Ich versuchte mich auf das Hier und Jetzt zu konzentrieren. Schließlich war ich zum Arbeiten da und wollte diesen Abend zum Erfolg machen.
Der Grillplatz, den wir für unsere Veranstaltung umgebaut hatten, sah einfach phantastisch aus. Annika, Ulrike und ich hatten den Nachmittag damit verbracht, alles zu dekorieren und gruselig zu gestalten. Das Holz für das Lagerfeuer war aufgeschichtet, Fackeln aufgestellt. Kleine Geister, Kürbisse, Spinnennetze und Fledermäuse aus Papier hingen in der Luft und zwischen den Bäumen. Der Holztisch, der unter einem Dach stand, war mit Teig für Stockbrot, Keksen mit Zuckerguss, die wie Skelette aussahen, und Muffins, die an Spinnen erinnerten, dekoriert. Annika, die eine Leidenschaft fürs Backen zu haben schien, hatte sich selbst übertroffen.
Und jetzt standen wir hier und warteten auf die kleinen Racker, die mit Catrin in wenigen Minuten eintreffen würden. Wir hatten uns sogar die Mühe gemacht und uns verkleidet. Annika ging als Teufel, Tom – der mir beistand – und ich hatten uns als Vampire verkleidet. Nur Ulrike hatte ich nicht davon überzeugen können, sich in ein Kostüm zu werfen.

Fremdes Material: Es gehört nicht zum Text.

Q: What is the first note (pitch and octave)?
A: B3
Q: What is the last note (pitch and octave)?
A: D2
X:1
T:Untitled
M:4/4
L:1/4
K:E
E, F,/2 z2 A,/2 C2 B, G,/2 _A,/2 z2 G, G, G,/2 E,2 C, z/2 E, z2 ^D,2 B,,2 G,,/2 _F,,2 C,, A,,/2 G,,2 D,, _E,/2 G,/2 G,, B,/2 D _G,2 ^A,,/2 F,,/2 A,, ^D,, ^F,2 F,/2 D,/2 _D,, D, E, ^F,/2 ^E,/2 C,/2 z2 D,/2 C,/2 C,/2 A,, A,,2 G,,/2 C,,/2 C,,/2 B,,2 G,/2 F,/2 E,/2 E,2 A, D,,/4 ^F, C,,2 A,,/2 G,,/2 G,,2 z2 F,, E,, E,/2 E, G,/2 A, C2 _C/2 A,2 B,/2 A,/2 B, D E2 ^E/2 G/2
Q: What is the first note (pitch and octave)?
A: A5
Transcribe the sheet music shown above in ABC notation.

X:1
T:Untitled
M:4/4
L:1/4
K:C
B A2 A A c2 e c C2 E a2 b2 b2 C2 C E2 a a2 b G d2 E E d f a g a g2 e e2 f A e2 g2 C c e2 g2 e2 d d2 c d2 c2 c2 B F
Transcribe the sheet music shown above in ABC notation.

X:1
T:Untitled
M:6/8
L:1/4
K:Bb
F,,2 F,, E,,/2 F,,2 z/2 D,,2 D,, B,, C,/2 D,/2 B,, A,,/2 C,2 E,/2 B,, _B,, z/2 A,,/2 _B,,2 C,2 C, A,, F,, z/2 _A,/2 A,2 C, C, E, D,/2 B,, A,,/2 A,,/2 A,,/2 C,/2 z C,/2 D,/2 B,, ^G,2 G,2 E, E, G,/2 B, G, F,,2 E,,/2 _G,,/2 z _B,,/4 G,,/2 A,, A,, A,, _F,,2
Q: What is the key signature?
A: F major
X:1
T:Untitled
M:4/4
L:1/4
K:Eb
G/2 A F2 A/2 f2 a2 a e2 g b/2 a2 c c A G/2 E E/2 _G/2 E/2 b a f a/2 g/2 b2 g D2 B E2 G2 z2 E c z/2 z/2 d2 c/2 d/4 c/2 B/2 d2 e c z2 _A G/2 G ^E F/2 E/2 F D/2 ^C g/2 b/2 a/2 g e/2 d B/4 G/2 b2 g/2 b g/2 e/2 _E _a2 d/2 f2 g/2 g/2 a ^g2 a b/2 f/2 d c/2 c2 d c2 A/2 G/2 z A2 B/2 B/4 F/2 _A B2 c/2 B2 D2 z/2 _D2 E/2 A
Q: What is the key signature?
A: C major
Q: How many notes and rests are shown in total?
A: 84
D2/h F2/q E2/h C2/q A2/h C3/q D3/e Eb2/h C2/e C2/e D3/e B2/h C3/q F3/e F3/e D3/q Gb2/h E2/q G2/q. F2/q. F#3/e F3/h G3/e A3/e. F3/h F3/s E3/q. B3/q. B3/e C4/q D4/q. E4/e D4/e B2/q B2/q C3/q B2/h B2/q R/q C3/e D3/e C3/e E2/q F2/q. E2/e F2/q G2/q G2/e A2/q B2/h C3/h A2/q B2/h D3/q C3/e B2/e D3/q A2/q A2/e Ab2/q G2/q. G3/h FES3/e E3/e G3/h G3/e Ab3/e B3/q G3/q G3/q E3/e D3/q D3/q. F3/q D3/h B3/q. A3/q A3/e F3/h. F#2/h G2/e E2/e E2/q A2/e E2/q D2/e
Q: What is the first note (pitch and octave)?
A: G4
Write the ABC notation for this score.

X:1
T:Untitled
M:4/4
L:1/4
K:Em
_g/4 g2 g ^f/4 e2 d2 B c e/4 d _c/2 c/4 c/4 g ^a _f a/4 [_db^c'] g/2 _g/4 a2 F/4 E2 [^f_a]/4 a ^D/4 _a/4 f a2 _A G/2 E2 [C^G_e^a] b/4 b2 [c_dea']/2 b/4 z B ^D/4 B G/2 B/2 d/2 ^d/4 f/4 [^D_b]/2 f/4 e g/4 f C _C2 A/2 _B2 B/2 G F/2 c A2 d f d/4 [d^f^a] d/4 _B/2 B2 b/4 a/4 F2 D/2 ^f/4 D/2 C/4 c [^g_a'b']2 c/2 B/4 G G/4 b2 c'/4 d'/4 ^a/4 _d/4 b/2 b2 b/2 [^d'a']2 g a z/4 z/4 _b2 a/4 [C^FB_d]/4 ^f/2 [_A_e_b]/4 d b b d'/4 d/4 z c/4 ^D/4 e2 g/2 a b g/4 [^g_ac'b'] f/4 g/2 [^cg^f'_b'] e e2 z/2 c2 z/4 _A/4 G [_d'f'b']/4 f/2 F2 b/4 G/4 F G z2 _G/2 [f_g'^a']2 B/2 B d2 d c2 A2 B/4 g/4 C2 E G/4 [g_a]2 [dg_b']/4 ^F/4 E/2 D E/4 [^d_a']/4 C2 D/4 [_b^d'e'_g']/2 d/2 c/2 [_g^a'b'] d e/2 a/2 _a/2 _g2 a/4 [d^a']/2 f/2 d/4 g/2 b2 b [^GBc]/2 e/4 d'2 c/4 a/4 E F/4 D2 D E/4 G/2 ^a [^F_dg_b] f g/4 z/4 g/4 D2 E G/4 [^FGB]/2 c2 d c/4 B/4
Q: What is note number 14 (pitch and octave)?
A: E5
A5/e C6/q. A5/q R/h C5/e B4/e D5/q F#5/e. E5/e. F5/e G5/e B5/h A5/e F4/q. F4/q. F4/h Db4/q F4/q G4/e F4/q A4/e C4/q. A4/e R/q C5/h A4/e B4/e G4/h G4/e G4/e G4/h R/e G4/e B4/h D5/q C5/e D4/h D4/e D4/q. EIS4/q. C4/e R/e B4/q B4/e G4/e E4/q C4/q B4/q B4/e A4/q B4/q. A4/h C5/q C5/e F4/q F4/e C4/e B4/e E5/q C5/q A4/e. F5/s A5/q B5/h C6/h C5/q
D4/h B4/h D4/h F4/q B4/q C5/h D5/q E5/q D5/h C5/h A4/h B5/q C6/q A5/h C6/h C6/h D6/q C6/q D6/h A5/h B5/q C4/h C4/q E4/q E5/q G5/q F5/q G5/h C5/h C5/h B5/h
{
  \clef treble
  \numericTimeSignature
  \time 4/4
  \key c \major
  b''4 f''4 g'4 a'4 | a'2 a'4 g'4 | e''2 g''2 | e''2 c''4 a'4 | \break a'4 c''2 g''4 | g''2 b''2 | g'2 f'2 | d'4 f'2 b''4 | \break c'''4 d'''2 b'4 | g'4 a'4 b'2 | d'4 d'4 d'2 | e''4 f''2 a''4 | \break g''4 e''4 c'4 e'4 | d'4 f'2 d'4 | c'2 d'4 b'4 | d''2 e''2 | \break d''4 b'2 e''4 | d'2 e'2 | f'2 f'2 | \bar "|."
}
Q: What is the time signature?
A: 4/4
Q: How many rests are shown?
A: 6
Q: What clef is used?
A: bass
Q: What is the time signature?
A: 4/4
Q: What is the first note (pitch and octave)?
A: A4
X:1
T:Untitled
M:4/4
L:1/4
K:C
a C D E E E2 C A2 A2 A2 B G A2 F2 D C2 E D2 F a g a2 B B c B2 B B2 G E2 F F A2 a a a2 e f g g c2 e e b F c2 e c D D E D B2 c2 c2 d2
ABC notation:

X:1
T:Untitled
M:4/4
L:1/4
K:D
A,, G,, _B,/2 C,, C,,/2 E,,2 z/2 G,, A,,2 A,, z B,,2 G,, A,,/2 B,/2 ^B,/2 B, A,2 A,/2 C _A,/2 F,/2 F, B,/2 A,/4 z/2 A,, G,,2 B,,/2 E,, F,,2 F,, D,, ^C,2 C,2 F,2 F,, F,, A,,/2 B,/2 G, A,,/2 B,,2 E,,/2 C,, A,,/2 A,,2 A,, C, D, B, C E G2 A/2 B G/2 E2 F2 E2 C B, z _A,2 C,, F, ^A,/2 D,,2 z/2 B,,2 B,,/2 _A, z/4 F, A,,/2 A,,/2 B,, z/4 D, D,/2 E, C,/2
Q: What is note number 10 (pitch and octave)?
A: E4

Zu meinem Leidwesen war Sabrina Vögele wirklich hier aufgetaucht. Um die Bücherei dieses Mal in einem positiven Licht, also ohne Mord, in der Presse erscheinen zu lassen, hatte ich Frau Vögele von unserer Veranstaltung erzählt und gefragt, ob sie komme. Wegen ihres Desinteresses und des emotionslosen Gesichtsausdrucks, den sie mir zugeworfen hatte, war ich davon ausgegangen, dass wir nicht interessant genug waren. Mit einem Block bewaffnet stand sie jetzt am Büfett und machte sich hektisch Notizen. Ich biss mir auf die Lippen und konnte nur hoffen, dass der Abend gut ausginge.
»Ich kümmere mich schon mal um das Lagerfeuer«, meinte mein Mann, alias Graf Dracula, und machte sich am Holz zu schaffen. Trotz seiner Ermittlungsarbeit nahm er sich die Zeit. Ich war froh, ihn an meiner Seite zu wissen. Nicht nur weil Tom Kinder liebte und gut mit ihnen auskam, er war auch meine moralische Unterstützung.
Nach und nach plätscherten Eltern mit ihren Kindern bei uns ein und wurden direkt am Fußweg, der zu den Parkplätzen führte, von Ulrike abgefangen. Sie drückte jedem Elternteil eine Einverständniserklärung in die Hand, damit wir ihre Kinder später fotografieren durften, ohne rechtliche Schwierigkeiten befürchten zu müssen.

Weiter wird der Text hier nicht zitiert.